Enfin, le groupe transverse dédié aux solutions lowtech s’inscrit dans une démarche d’innovation frugale. Loin des technologies coûteuses ou complexes, ce GT s’intéresse à des solutions sobres, robustes et accessibles, parfois anciennes, souvent négligées.
Le GT travaille à :
Recenser les solutions existantes et leur retour d’expérience,
Identifier les leviers de massification,
Proposer des critères d’évaluation environnementale et sociale spécifiques aux lowtech,
Favoriser leur intégration dans les démarches réglementaires, sans les pénaliser.
Cette approche complète les autres GT, en apportant une vision transversale de la résilience, de la sobriété et de la réplicabilité à large échelle.

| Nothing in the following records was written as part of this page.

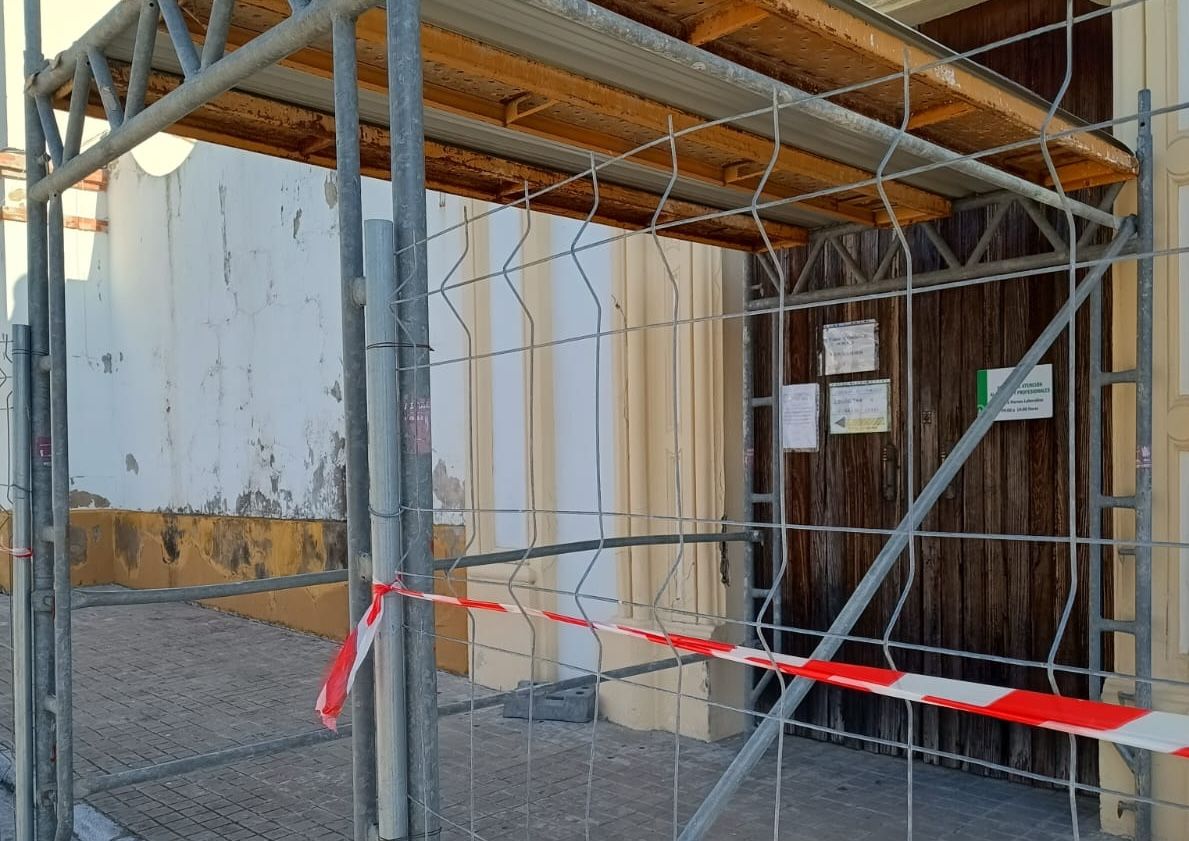 Estado de los Juzgados de Marzales, en Algeciras, con vallas y puntales. Estado de los Juzgados de Marzales, en Algeciras, con vallas y puntales.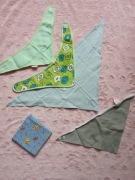 Chustki, apaszki pod szyję. Zestaw dla dziewczynki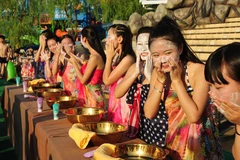 [Photo] Bức xúc với sự kiện thiếu tôn trọng phụ nữ ở Trung Quốc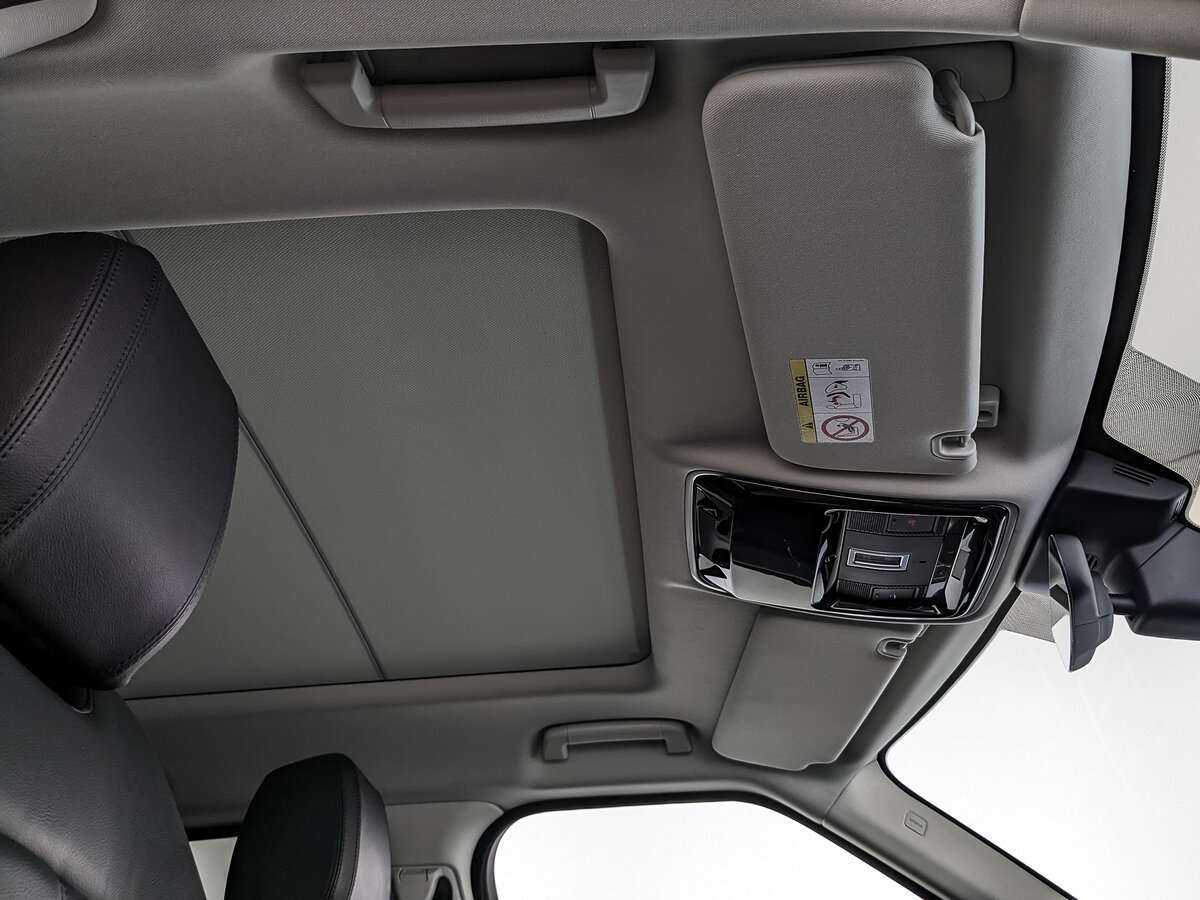 Land Rover Range Rover Sport, 2018 Фото №16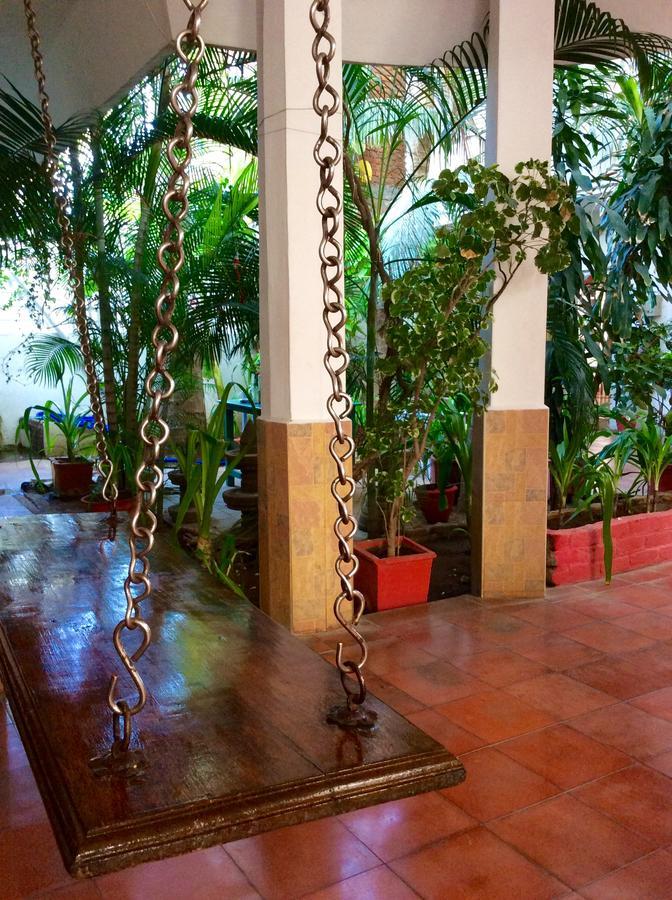 Daphne Hotel Mamallapuram Exterior foto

Ces premiers livrables témoignent de la richesse et de la diversité des réflexions engagées dans le cadre de CAP 2030. Entre structuration méthodologique, outils concrets et mise en débat des sujets encore peu traités (comme les externalités positives ou l’adaptation au climat), les groupes de travail posent des fondations solides pour une réglementation post-RE2020.
La suite des travaux s’annonce prometteuse, notamment avec le lancement des phases 2 des GT1, GT2 et GT8, et l’accélération de la dynamique autour des solutions lowtech.